Biden’s to-camera strategy
The contrast between where each of the two candidates kept their eyes was startling.
Trump, leaning on his podium, watched his prey, preparing to pounce at every opportunity.
Biden repeatedly turned to the camera to address the voters watching at home.
“You folks at home, how many of you got up this morning and had an empty chair at the table because someone died of COVID?” Biden asked at one point. Later, Biden said of Trump: “He doesn’t want to talk about what you need, you, the American people.”
Had Trump toned down the aggressive interruptions, perhaps some of Biden’s comments would stand out as more striking. The longtime senator who used to refer to even his harshest critics as his friend called a sitting president a “fool” and a “clown.”
At one point, faced with an endless Trump monologue, Biden shook his head: “Will you shut up, man.”
In the Democratic primary, comments like that would have earned Biden a swift backlash. But against Trump, they seemed less surprising.
The debate is unlikely to change many minds
Tuesday’s tangle will shrink the pool of undecided voters, but not to a substantial degree.
In fact, it may have the rare consequence of shrinking the actual pool of voters overall — Republican pollster Frank Luntz, conducting a virtual focus group during the debate, said some of the undecided voters on his panel said they had decided not to vote.
“I’ve never seen a debate cause this reaction,” Luntz said on Twitter.
This late in an election cycle, debates have rarely moved the needle by substantial margins. Debate experts say most people tune in for the reinforcement they need to get excited about their chosen candidate, rather than to decide which candidate to chose in the first place.
“For all of its ugliness, nothing happened in the debate that changes the fundamentals of the race. Trump is behind and to beat Biden, he needs to land punches. He just didn’t do it,” said Doug Heye, a former top spokesman at the Republican National Committee who does not support Trump.

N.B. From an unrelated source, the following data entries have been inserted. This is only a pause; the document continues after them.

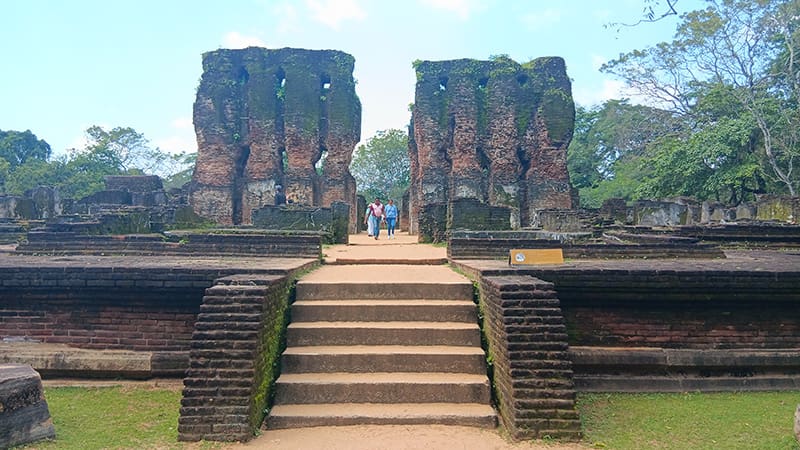 muros del Palacio Real de Parakramabahu I en la ciudad Antigua de Polonnaruwa que ver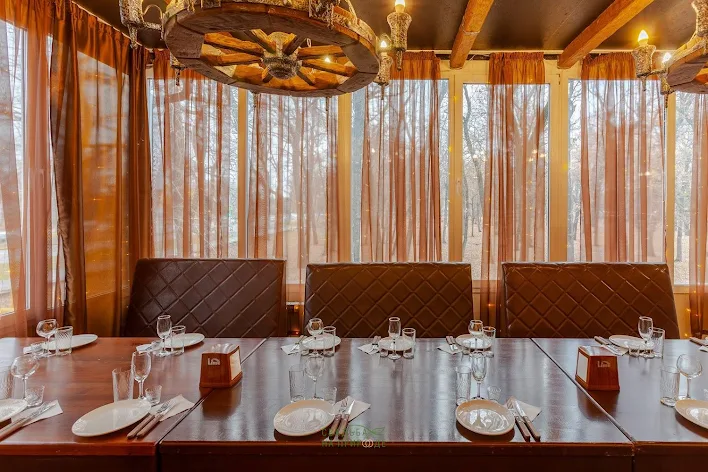 Фото №2 зала Vip-park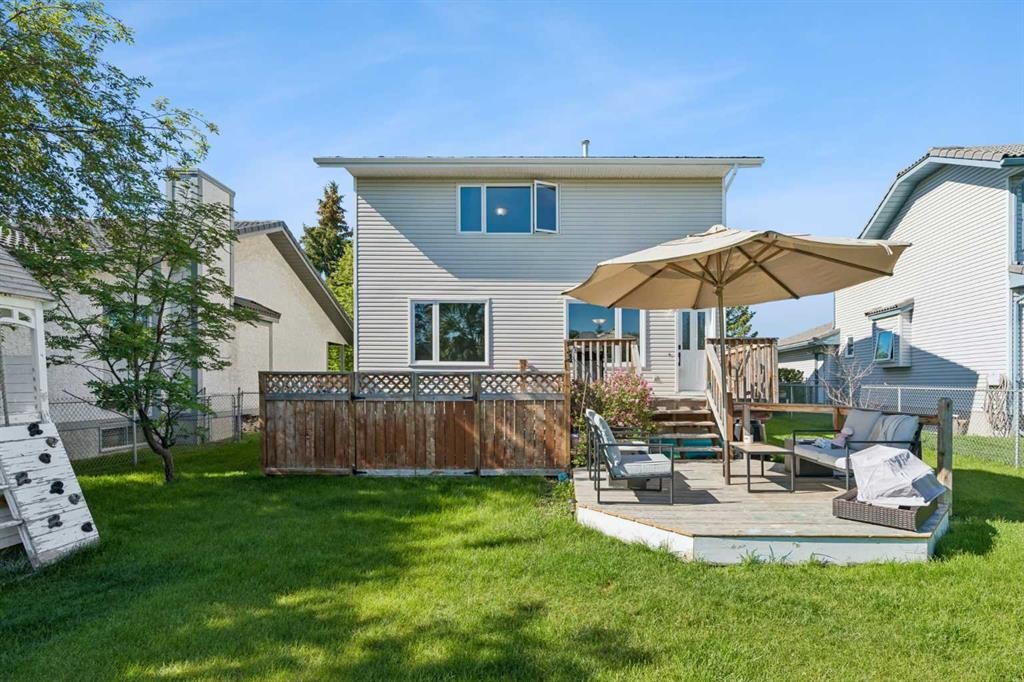 52 West Edge Road, Cochrane, AB - Outdoor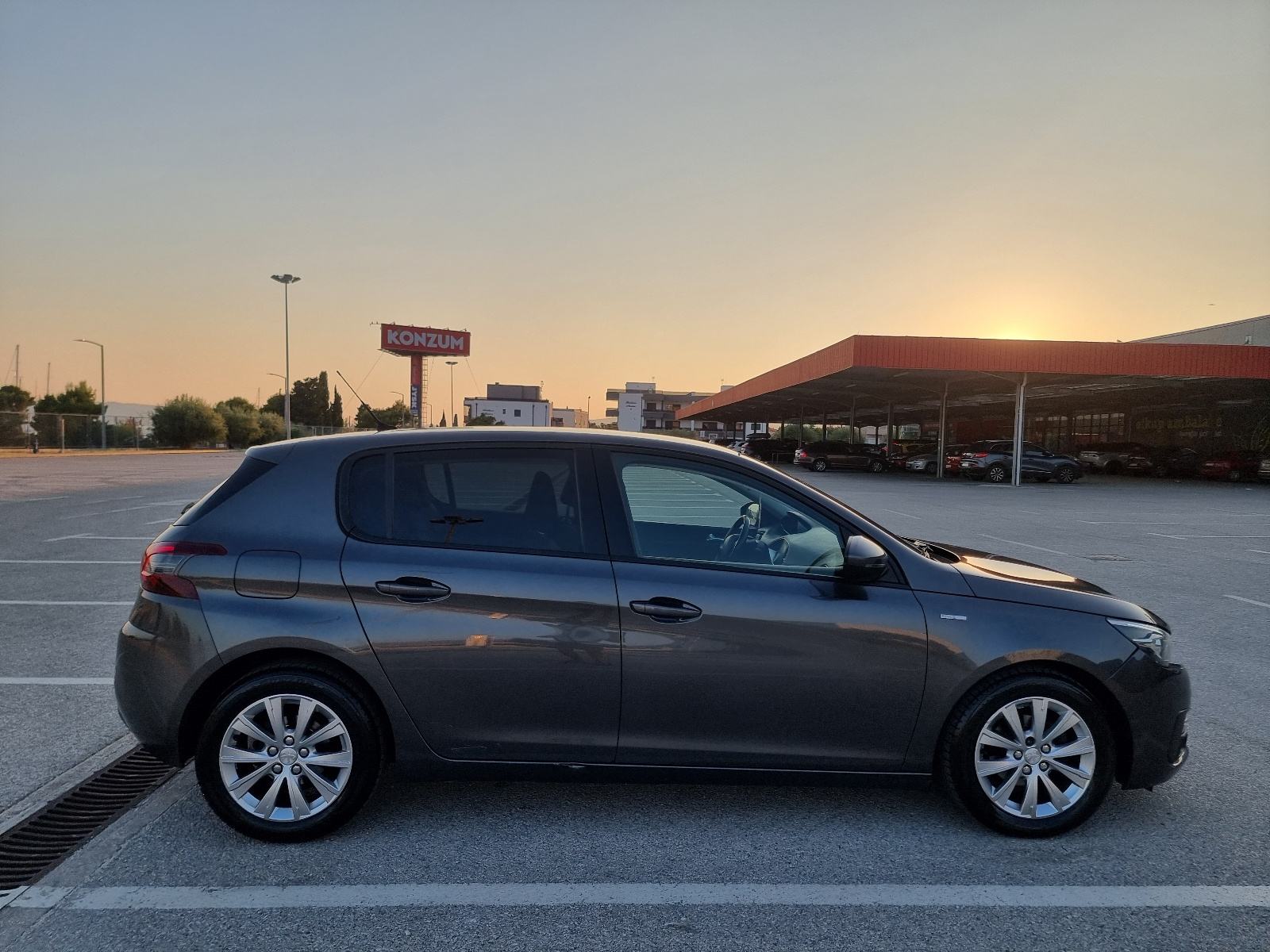 Peugeot 308 1,5 BlueHDi, fotografija 4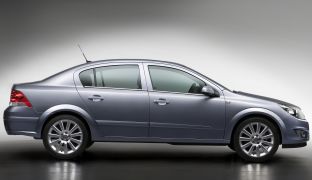 Opel Astra Family: седан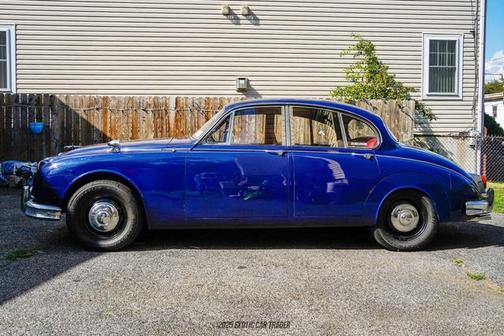 1967 Jaguar Mark II 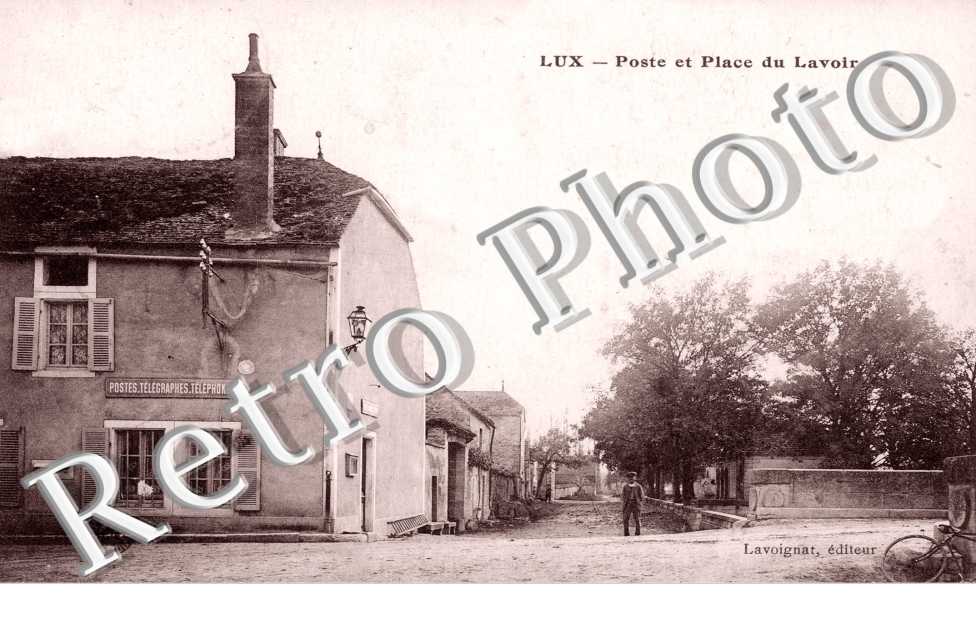 Poste et Place du Lavoir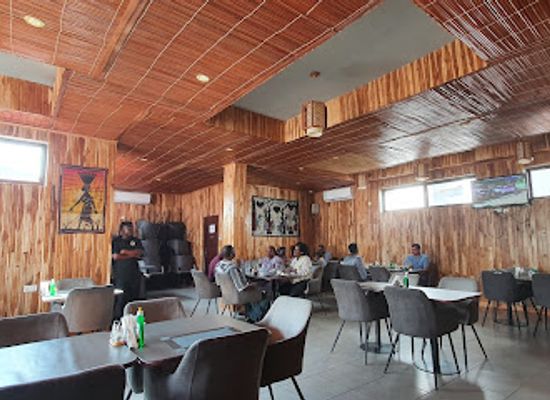 ghana/wli-waterfalls/restaurant/chez-clarisse-mama-africa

Even before Tuesday’s debate, polls show only a tiny sliver of Americans remain undecided about their choice. If Trump is skilled at anything, it is in crystalizing public opinion — few Americans feel anything other than total adoration or total revulsion toward the White House’s current occupant.
“For any of the few persuadable voters out there, if they managed to make it through the hour and 15 minutes of constant interruptions, they had to leave this event honestly not sure what to think,” said Michael Bitzer, a political scientist at Catawba College. “For the significant majority of Americans whose minds are already made up, I am doubtful anyone saw something that would have changed their minds.”

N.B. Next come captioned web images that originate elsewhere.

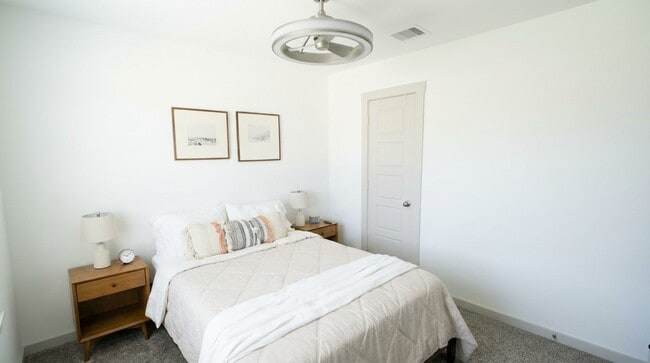 Building Photo - 12918 Wempe Wy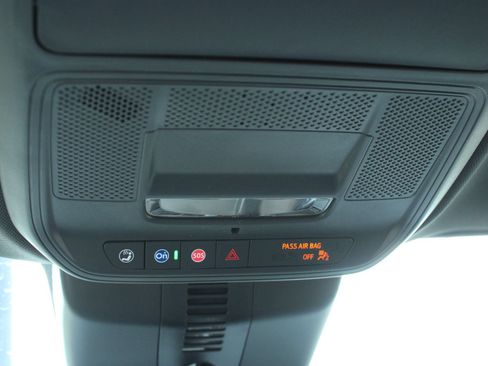Used 2024 Chevrolet Traverse LT w/ LPO, Floor Liner Package AWD/4WD image 51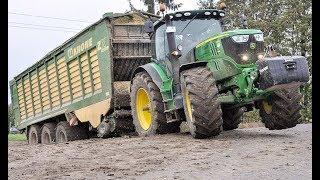 John Deere forage harvester  chopping maize  Case Quadtrac  tractors FARMING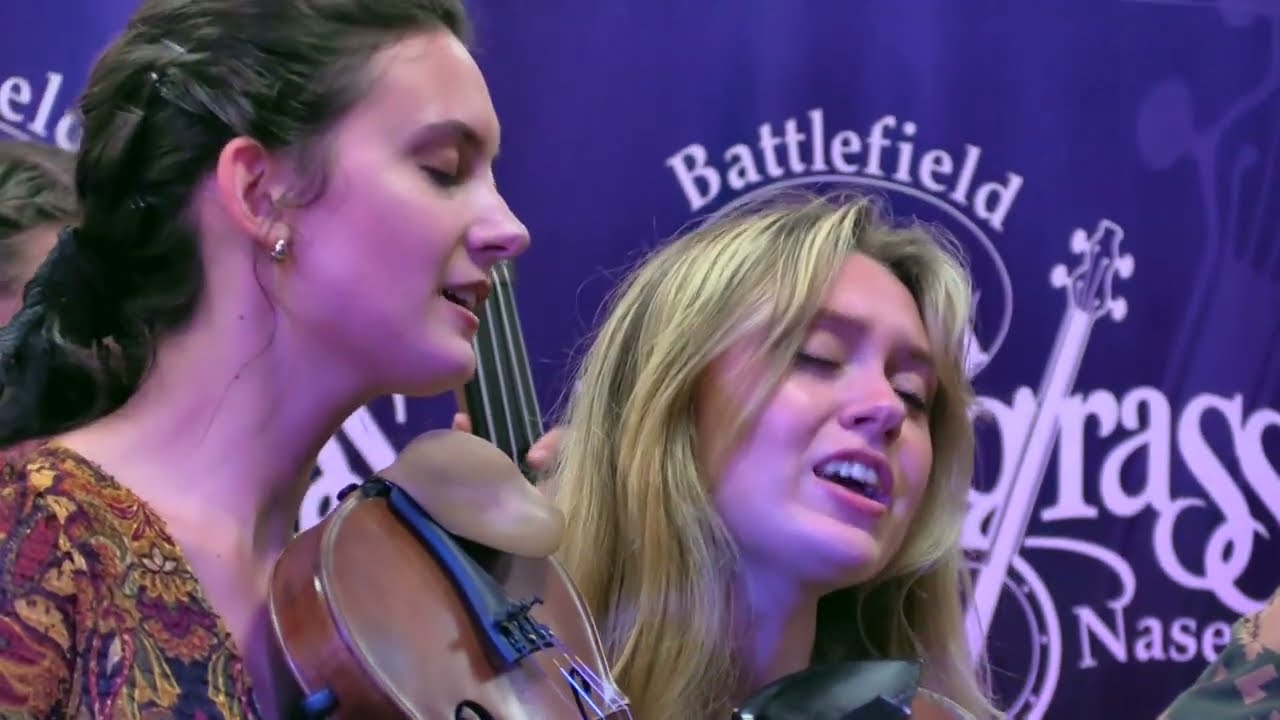 Burnett Sisters. Cry Cry Darlin'/Sugar Moon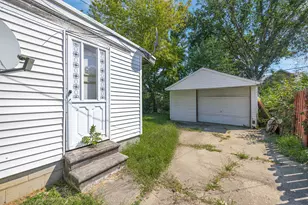 11090 Patrick Ave, Detroit, MI 48205 - Photo 5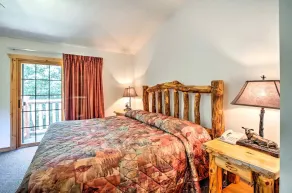 Starved Rock’s Luxury Cabin - Image 2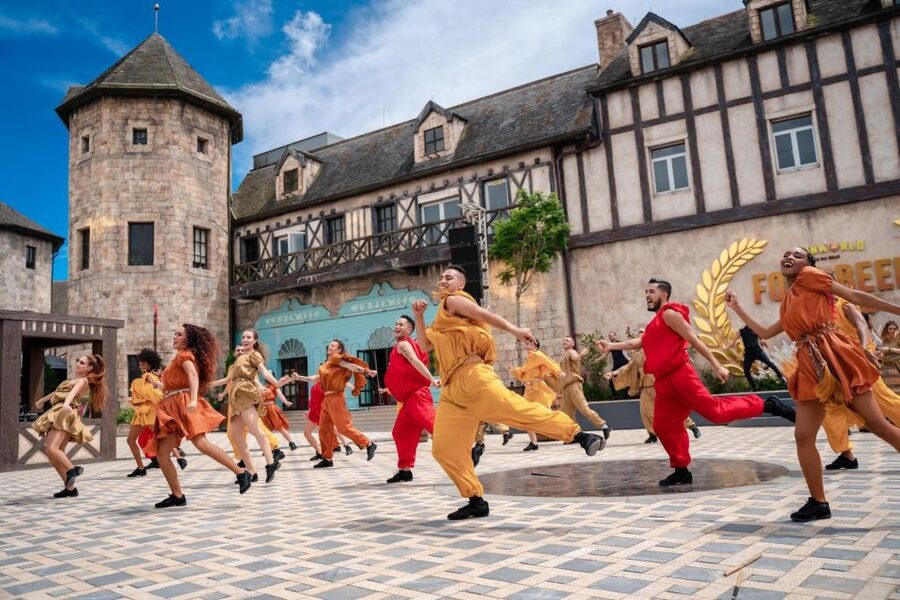 Hoi An/Danang: Bana Hills and Golden Bridge Small Group Tour - Price and value: $19 can be a bargain if your option includes the essentials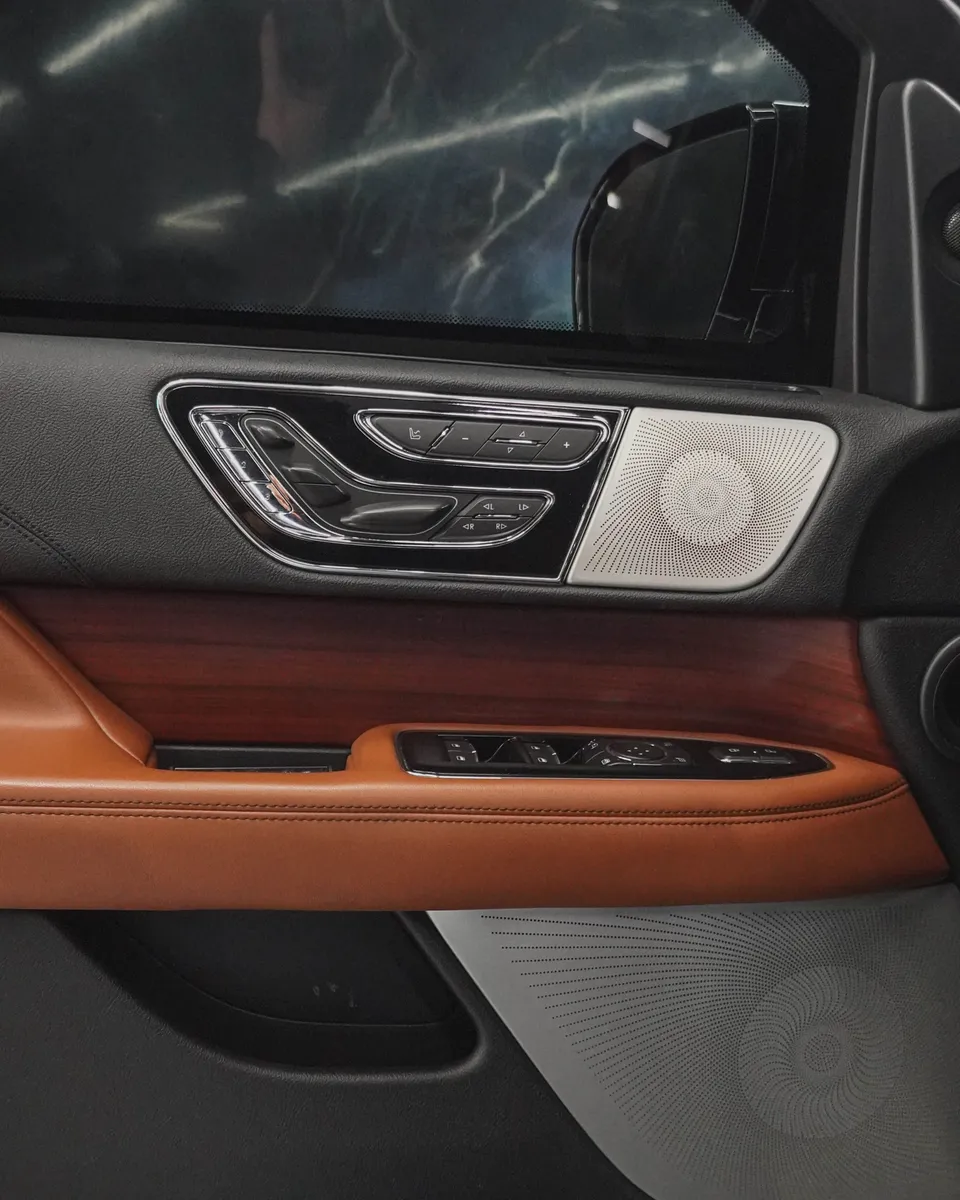 SUV Lincoln Navigator 2020 en Medellín — foto 8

Will there be another debate?
The answer appears to be yes, though there was chatter at the debate’s conclusion that raised questions.
“We are going to the debates, guys. I don’t now how many different ways we can say it,” Biden’s deputy campaign manager, Kate Bedingfield, said on a call with reporters. “Yeah, we are committing to attending the debates.”
For months, the Trump campaign has raised questions about whether Biden would show up for any debates — despite the fact that Biden’s team said early, often and on the record that he would meet Trump on stage.
Instead, it always seemed more feasible that Trump would pull out of a debate. After all, of this year’s two nominees, Trump is the only one who has actually skipped a debate, to protest the moderators at a Republican primary skirmish back in 2015.
But in truth, neither candidate has the incentive to pull the plug on the two remaining debates, scheduled for Oct. 15 and Oct. 22.
Trump, who is clearly trailing in both national and battleground polls, needs to reframe the race to his favor, and time is running out. Biden, who has forcefully pushed back against Trump questioning his mental fortitude, would play into that conservative narrative if he did skip out.
The debates will go on. Whether America is ready for them or not.